Exercise description:
Will you extract the entries word for word? Images should not appear in the copy.

================================

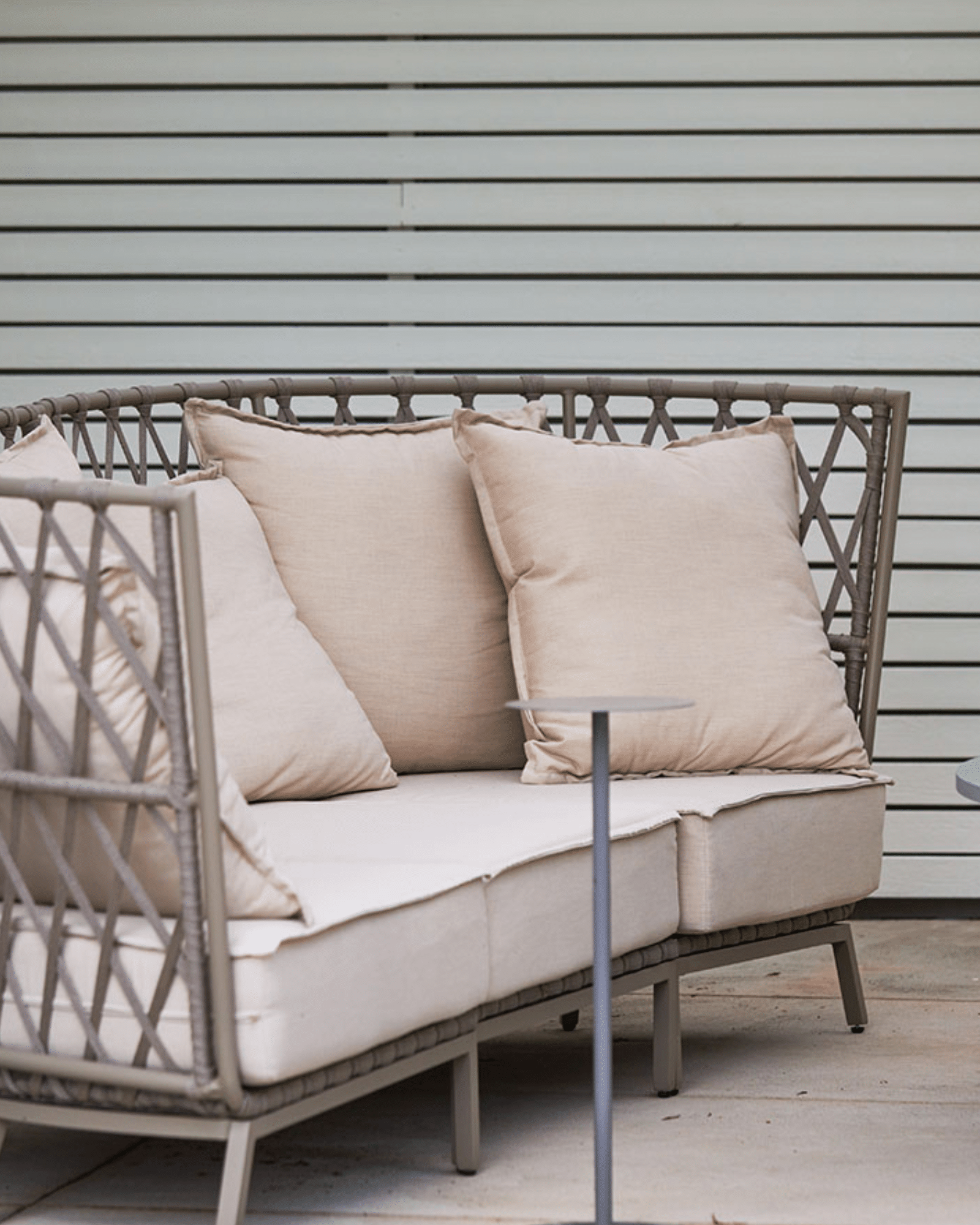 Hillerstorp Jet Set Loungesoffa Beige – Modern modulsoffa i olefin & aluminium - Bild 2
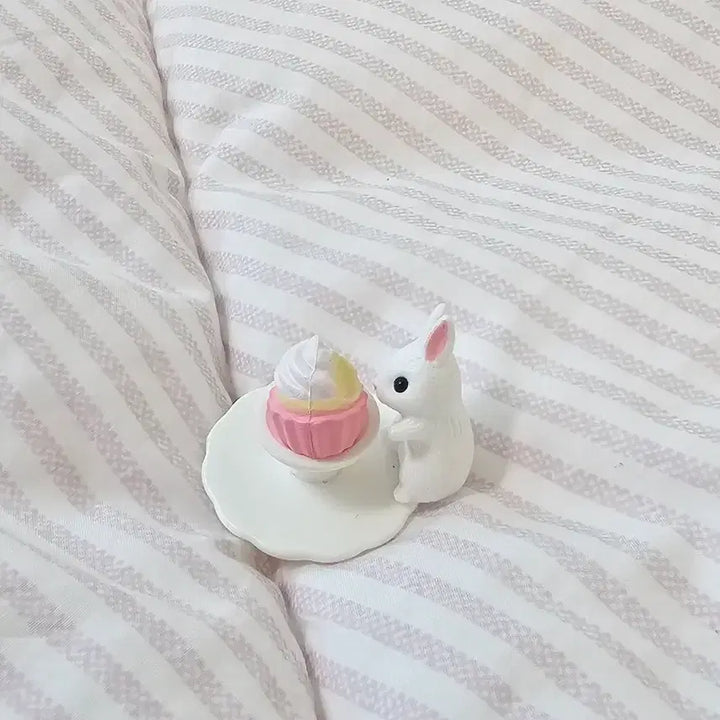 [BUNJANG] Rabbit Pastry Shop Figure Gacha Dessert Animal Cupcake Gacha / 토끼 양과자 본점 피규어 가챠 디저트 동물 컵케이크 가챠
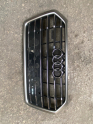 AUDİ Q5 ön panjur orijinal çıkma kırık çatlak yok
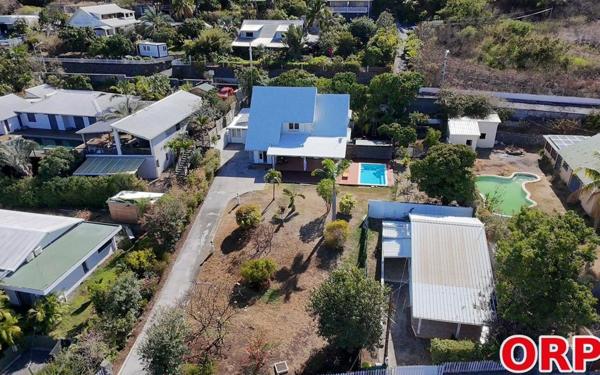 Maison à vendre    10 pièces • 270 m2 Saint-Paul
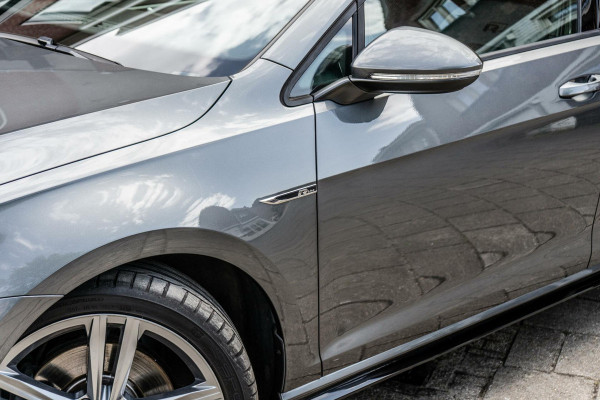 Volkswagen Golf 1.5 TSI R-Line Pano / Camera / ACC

================================

Response:
 Hillerstorp Jet Set Loungesoffa Beige – Modern modulsoffa i olefin & aluminium - Bild 2
 [BUNJANG] Rabbit Pastry Shop Figure Gacha Dessert Animal Cupcake Gacha / 토끼 양과자 본점 피규어 가챠 디저트 동물 컵케이크 가챠
 AUDİ Q5 ön panjur orijinal çıkma kırık çatlak yok
 Maison à vendre    10 pièces • 270 m2 Saint-Paul
 Volkswagen Golf 1.5 TSI R-Line Pano / Camera / ACC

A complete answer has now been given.